MORE AMERICANS REACH THE BATTLEFIELD…UNPREPARED

British, French Highly Critical of American Preparation.

Americans Are Beginning to Die.

Special to The Great War Project.

(16 April) The need for American participation in the war is evident everywhere and every day.

So reports historian Martin Gilbert. From the commanders of both the British and French forces on the Western Front comes “an appeal for American troops to join the battle…immediately.”

Earlier, General John J. Pershing, commander of the American forces in Europe, has “promised that he would send what troops he could to the front.”

German positions in 1918 spring offensive.

“You are going to meet a savage enemy,” he tells hundreds of American officers, “flushed with victory. Meet them like Americans..

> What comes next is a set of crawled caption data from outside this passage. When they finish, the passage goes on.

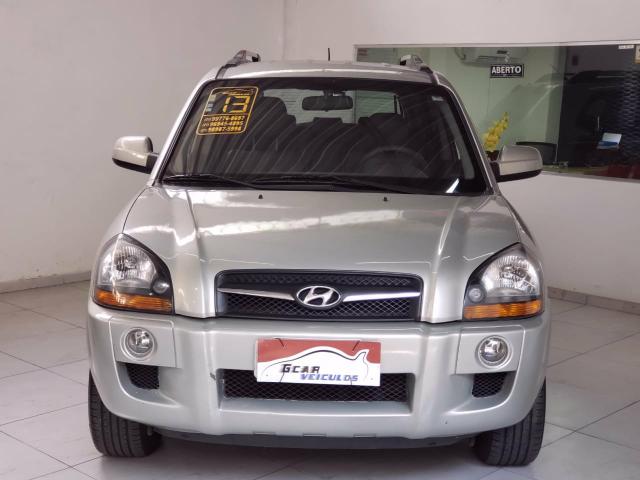 Hyundai Tucson 2013 gls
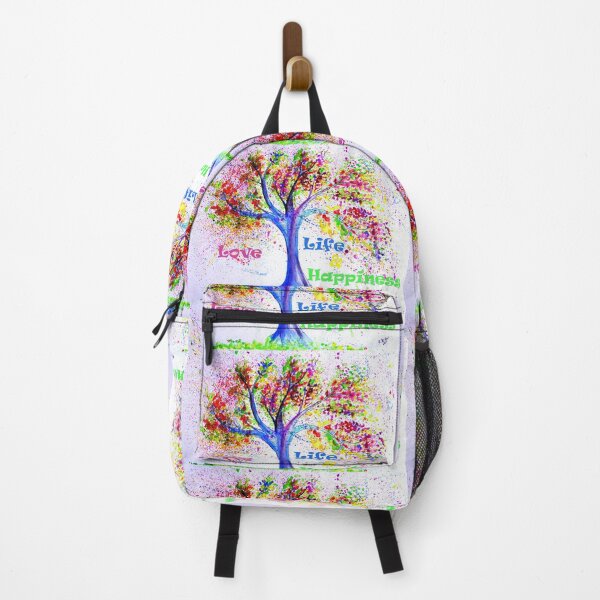 Item preview, Tree of Life - Love, Life & Happiness designed and sold by artshop77.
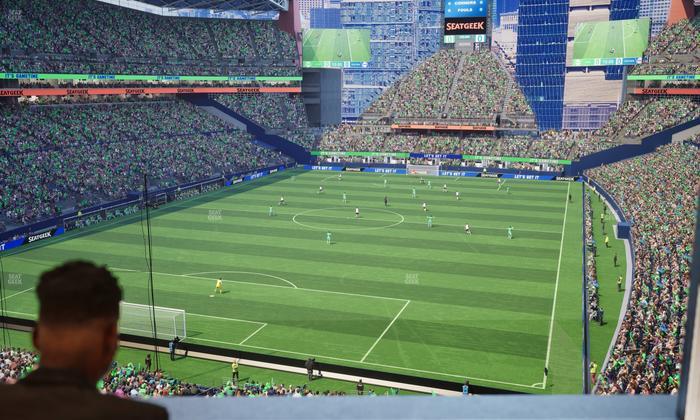 Lumen Field - Section Suite Level Suite 31 Seat View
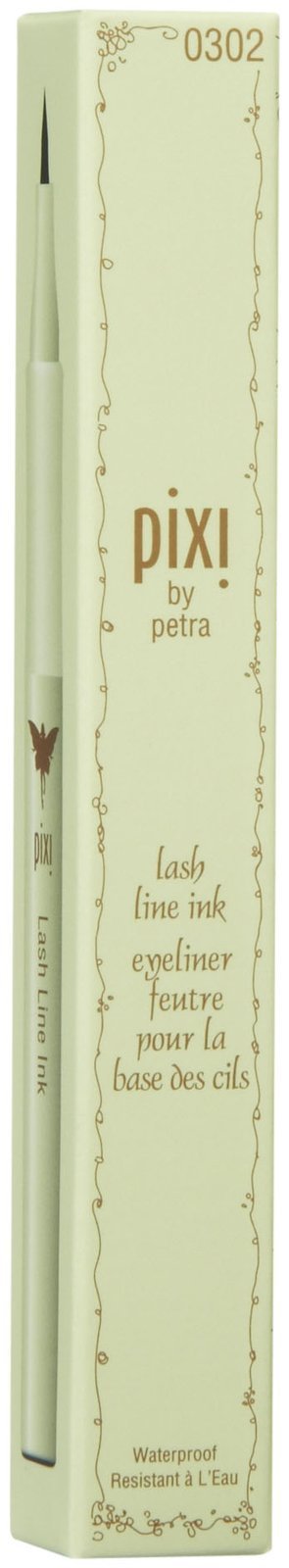 Pixi Lash Line Ink, Black Silk Beauty & Personal Care Pixi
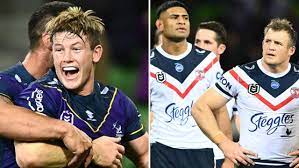 In their quest for a third straight premiership, the roosters may come to rue their clash with the storm due to the wreckage it left on their squad. Blrwh4nqh17jhm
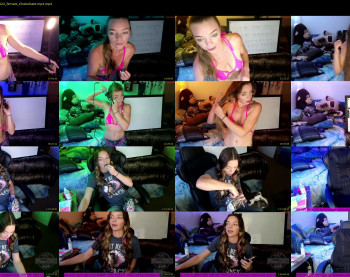 mindymars — 120 minute Chaturbate female cam show recording, 720p, Jul 24, 2024
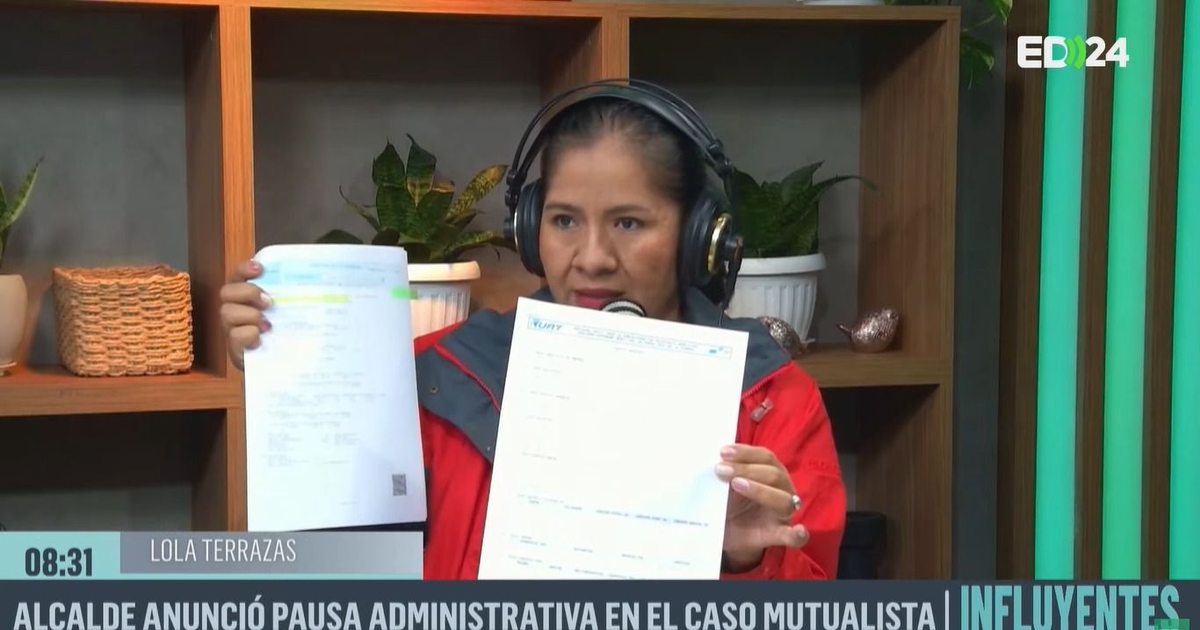 Caso Mutualista: Concejal denuncia que el alcalde cambió la propiedad del predio a favor de Crapuzzi
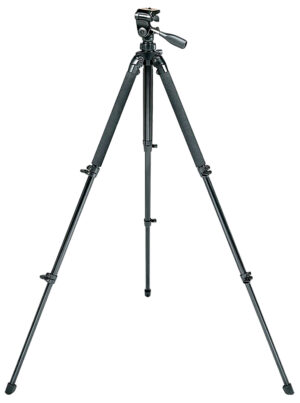 Bushnell 784030 Advanced Tripod 60" High Black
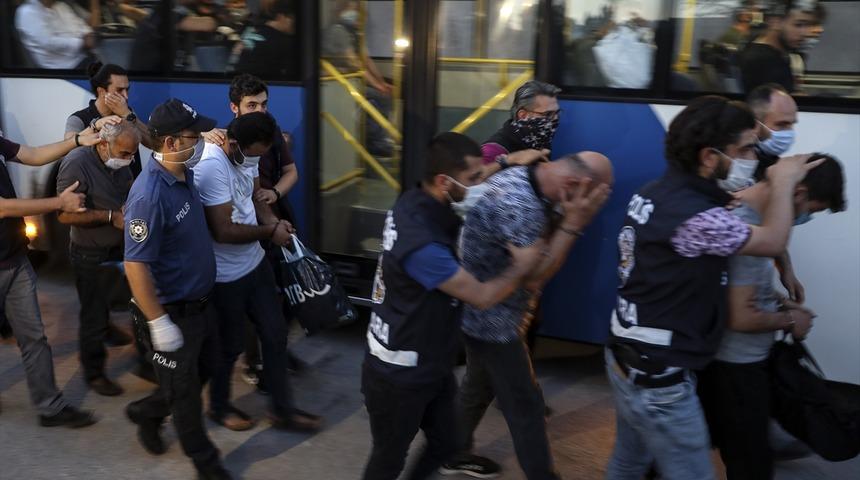 Bataklık Operasyonu'nda 34 ş&uuml;pheli tutuklandı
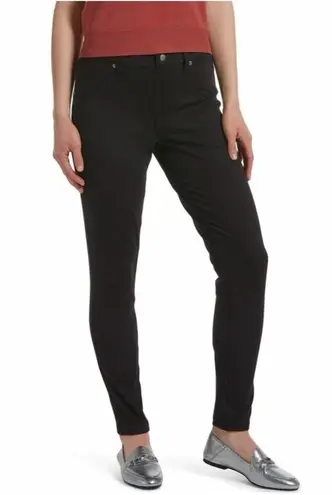 Hue Essential Denim Leggings Black Medium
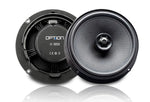 OPTION LS-563 – Haut-parleur arrière Plug & Play 16,5 cm pour Audi Q4 e-tron OPTION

“When you hit, hit hard, and don’t stop hitting.”

“You don’t know the meaning of the word defeat.”

On this day, April 16th a century ago, “more than a thousand New Zealand troops were taken prisoner.” Four days later, the Germans launch another massive gas bombardment, “firing nine million [nine million!] rounds of mustard gas, phosgene, and other chemicals.” A total of 2,000 tons of poison gas.

British soldiers preparing artillery shells.

“The Germans too,” according to historian Gilbert, “were feeling the effects of the daily attrition.”

“We are all utterly exhausted,” writes Prince Rupprecht of Bavaria. “Everywhere I hear complaints of the accommodation of man and horse in the totally ravaged country, and the heavy loss from bombs.”

On April 20th reports historian Gilbert, “the much-needed American troops were in action in the St. Mihiel Salient, but the results are not favorable to the Allies. More than 650 American troops are caught by surprise by 2800 specially trained German shock troops.

Reports Gilbert, “The Americans, outnumbered by more than four to one, fell back with heavy losses.” Eighty-one Americans are killed, hundreds more incapacitated by gas.

General Pershing is angry at the results of this early encounter with the Germans. He cites “bad generalship” as the cause of this debacle.

The British Prime Minister David Lloyd George is also enraged. “This kind of result,” he writes, “is bound to occur on an enormous scale if a largely amateur United States Army is built up without the guidance of more experienced British and French officers.”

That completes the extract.